The Source class serves as the abstract foundation for all data source implementations in Superlinked. It defines the interface for providing data to vector indices for processing and search operations.

Constructor

Source()
This is an abstract base class and cannot be instantiated directly. Use concrete implementations for specific data source types.

Inheritance Hierarchy

The Source class serves as the base for all data source implementations: Inheritance Chain: SourceABC

Available Implementations

Source Types and Use Cases

Development Sources

InMemorySource: Perfect for development, testing, and prototyping where data is provided programmatically and stored in memory. InteractiveSource: Ideal for interactive development environments where you want to add data incrementally and see immediate results.

Production Sources

RestSource: Designed for production applications where data comes through REST API endpoints, enabling real-time data ingestion.

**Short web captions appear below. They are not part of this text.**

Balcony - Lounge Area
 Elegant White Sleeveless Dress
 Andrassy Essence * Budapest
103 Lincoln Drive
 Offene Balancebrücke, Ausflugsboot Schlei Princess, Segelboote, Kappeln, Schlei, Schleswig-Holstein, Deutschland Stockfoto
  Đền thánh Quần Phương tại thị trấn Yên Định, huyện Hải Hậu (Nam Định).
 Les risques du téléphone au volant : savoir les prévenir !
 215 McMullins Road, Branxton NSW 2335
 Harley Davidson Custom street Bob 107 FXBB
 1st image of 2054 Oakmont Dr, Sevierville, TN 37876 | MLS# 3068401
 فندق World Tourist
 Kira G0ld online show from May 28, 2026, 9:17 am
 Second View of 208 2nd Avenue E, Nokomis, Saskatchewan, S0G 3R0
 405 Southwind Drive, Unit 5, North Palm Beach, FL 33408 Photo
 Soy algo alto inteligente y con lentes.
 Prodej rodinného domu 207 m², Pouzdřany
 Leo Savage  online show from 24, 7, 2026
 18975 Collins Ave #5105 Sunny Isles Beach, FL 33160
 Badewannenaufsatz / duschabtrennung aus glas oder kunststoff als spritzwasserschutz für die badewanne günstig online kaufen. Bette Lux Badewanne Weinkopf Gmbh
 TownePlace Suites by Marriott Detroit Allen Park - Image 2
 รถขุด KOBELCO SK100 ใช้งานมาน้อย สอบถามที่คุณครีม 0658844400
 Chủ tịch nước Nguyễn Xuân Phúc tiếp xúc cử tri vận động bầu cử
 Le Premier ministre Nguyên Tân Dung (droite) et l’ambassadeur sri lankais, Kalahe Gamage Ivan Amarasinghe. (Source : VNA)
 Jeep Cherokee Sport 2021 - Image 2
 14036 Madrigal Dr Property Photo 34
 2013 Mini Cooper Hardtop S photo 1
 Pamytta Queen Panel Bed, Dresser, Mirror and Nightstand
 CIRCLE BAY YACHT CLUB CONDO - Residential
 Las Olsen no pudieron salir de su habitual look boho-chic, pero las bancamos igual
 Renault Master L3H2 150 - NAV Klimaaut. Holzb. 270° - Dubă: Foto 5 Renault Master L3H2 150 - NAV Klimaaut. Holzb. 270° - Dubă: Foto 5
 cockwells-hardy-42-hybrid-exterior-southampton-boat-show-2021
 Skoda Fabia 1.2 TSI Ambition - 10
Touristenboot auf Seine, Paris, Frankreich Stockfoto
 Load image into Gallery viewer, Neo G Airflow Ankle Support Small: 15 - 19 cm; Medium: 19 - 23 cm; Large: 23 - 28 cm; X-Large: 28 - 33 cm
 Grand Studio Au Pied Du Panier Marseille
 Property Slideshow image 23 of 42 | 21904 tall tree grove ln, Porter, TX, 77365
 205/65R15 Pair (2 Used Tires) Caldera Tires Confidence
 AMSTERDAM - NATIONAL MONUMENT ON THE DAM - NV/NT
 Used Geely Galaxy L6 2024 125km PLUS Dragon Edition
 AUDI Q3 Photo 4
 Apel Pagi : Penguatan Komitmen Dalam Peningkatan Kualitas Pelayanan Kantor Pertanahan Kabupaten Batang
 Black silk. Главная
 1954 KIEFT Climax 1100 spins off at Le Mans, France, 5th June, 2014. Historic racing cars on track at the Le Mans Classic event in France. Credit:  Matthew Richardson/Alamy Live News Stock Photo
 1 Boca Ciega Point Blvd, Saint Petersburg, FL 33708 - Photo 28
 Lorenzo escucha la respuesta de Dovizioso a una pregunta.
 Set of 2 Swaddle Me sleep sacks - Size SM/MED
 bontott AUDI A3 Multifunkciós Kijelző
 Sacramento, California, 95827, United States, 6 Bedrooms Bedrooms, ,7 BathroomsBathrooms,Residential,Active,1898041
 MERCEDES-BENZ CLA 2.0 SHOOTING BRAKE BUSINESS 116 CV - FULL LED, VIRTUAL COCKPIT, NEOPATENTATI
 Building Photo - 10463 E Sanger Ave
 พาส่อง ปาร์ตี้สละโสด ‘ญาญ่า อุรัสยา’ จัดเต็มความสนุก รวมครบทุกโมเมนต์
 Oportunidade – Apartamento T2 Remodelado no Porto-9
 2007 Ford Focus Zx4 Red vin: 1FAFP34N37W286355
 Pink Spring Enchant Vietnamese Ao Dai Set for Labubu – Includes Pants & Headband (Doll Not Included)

DataLoaderSource: Suitable for batch processing scenarios where data is loaded from files (CSV, JSON, Parquet) or external data sources.

Data Flow Architecture

Sources integrate into the Superlinked pipeline as the entry point for data:
  1. Data Input: Sources receive raw data from various inputs (APIs, files, memory)
  2. Parsing: Data is processed through associated parsers to match schema requirements
  3. Validation: Schema validation ensures data conformity
  4. Transformation: Data flows to vector spaces for embedding generation
  5. Indexing: Processed vectors are stored in indices for searching

Source Selection Guide

For Development

InMemorySource: Use when you want to quickly test with small datasets and don’t need persistence. Perfect for tutorials and experimentation.

For Interactive Development

InteractiveSource: Use when building and testing incrementally, allowing you to add data on-the-fly and observe results immediately.

For Production APIs

RestSource: Use for production web applications where data is ingested through HTTP endpoints. Provides scalable real-time data processing.

For Batch Processing

DataLoaderSource: Use for ETL pipelines and batch processing scenarios where you need to load large datasets from files or databases.

Integration Pattern

All source implementations follow a consistent pattern:
  1. Schema Association: Each source is associated with a specific schema that defines the data structure
  2. Parser Configuration: Sources can use custom parsers to handle different data formats
  3. Data Validation: Incoming data is validated against the associated schema
  4. Event Publishing: Sources publish data events to connected indices and processing components

Best Practices

Schema Design

Schema Consistency: Ensure your data source consistently provides data that matches the associated schema structure. Mismatched data will cause processing failures.

Performance Considerations

Batch Processing: For large datasets, consider using DataLoaderSource with appropriate batch sizes to optimize memory usage and processing performance.

Error Handling

Data Validation: Implement proper error handling for data validation failures, especially in production environments where data quality may vary.

Data Processing Pipeline

Sources work together with other Superlinked components:
  • Schemas: Define the structure of data that sources must provide
  • Parsers: Transform raw data from sources into schema-compliant format
  • Spaces: Convert parsed data into vector representations
  • Indices: Organize and store vectors for efficient searching
  • Queries: Search through the indexed data provided by sources
The abstract nature of the Source class ensures consistent behavior across different data input methods while allowing each implementation to optimize for its specific use case and data patterns.